> [About this exercise]: Instruction for the entries below: return the part that opens with the line containing "Political Shades 3D Map of Peloponissos" and closes with the line containing "Çorum'da Hızlı Tren Temeli Atıldı", exactly, and no pictures.

> [Material shown]:
====================

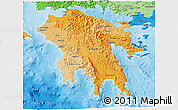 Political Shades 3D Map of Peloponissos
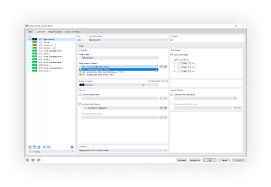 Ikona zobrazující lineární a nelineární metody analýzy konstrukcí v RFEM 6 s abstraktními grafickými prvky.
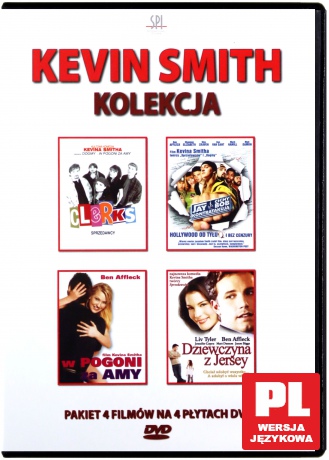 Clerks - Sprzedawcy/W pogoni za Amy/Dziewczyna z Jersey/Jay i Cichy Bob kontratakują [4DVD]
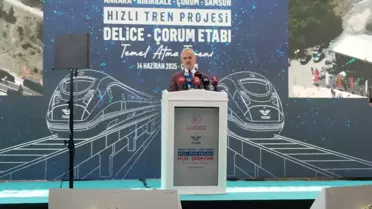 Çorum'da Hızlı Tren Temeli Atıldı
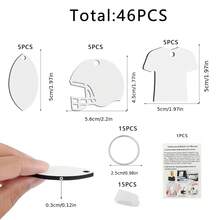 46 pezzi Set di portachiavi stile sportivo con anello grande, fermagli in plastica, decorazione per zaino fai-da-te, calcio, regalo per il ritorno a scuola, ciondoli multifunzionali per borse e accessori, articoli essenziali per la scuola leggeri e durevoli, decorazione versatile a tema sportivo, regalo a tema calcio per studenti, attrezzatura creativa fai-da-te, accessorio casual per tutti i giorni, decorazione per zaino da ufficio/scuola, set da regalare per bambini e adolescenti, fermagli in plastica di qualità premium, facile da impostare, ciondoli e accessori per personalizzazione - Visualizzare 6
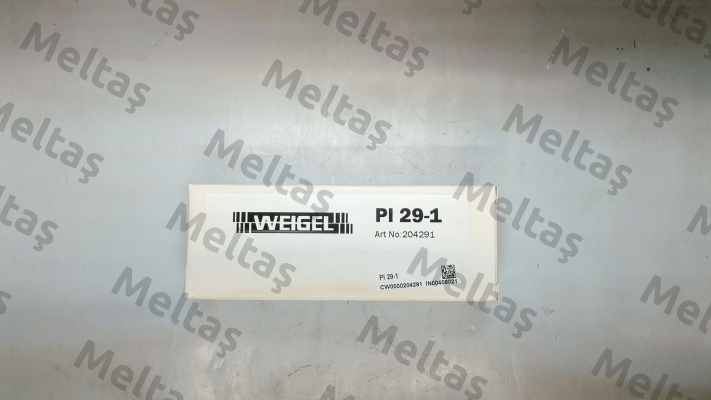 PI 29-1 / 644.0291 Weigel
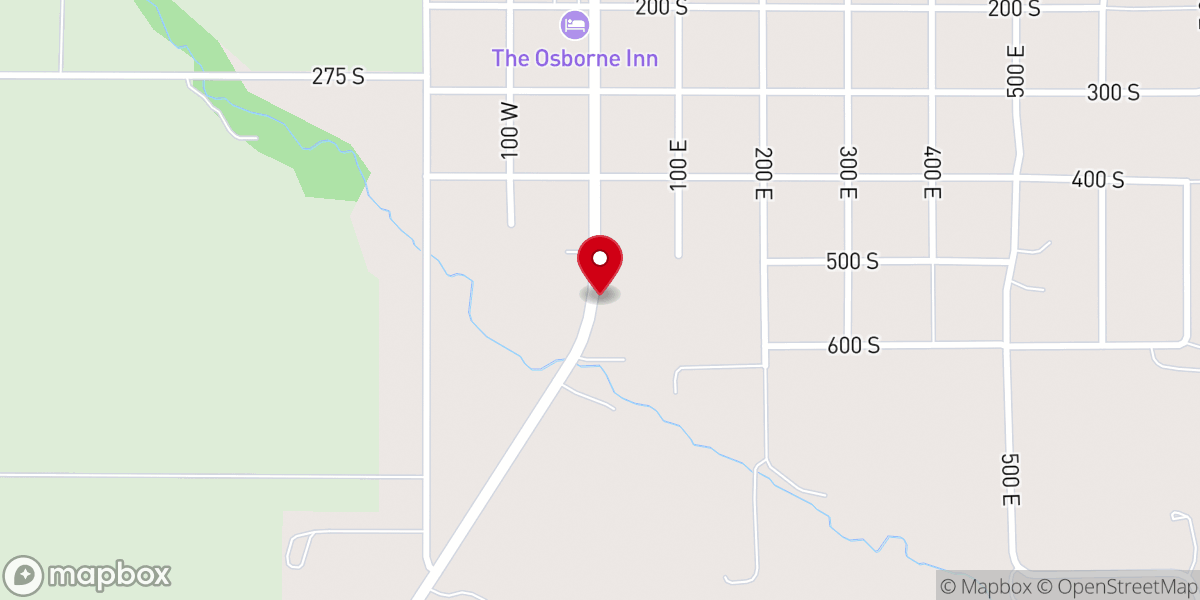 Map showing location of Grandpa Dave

====================

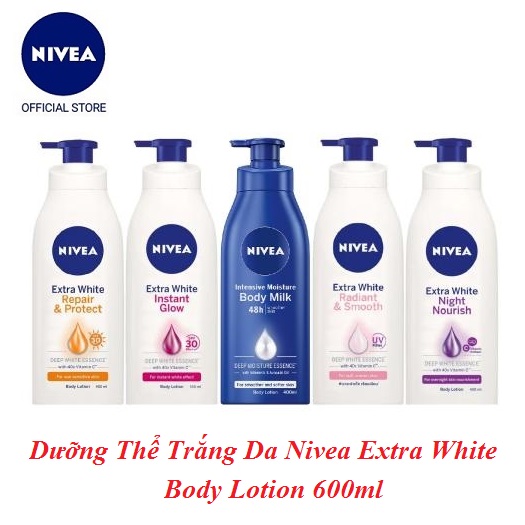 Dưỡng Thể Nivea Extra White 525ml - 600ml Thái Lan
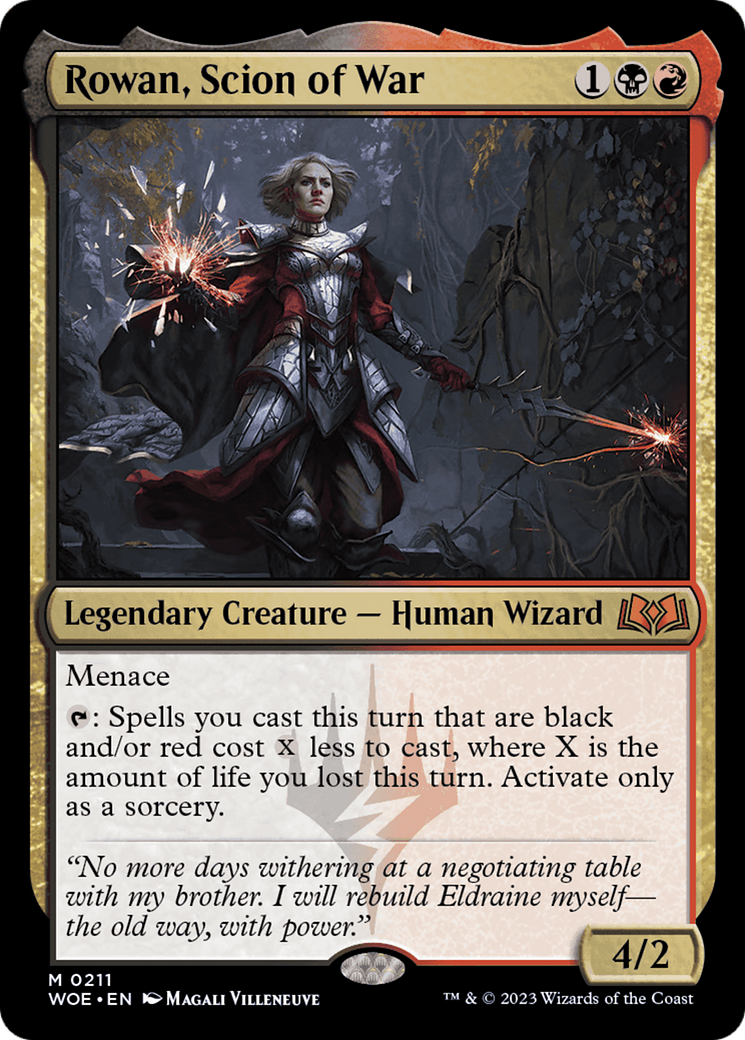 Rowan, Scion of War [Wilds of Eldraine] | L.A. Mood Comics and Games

====================

> [Result for this exercise]:
 Political Shades 3D Map of Peloponissos
 Ikona zobrazující lineární a nelineární metody analýzy konstrukcí v RFEM 6 s abstraktními grafickými prvky.
 Clerks - Sprzedawcy/W pogoni za Amy/Dziewczyna z Jersey/Jay i Cichy Bob kontratakują [4DVD]
 Çorum'da Hızlı Tren Temeli Atıldı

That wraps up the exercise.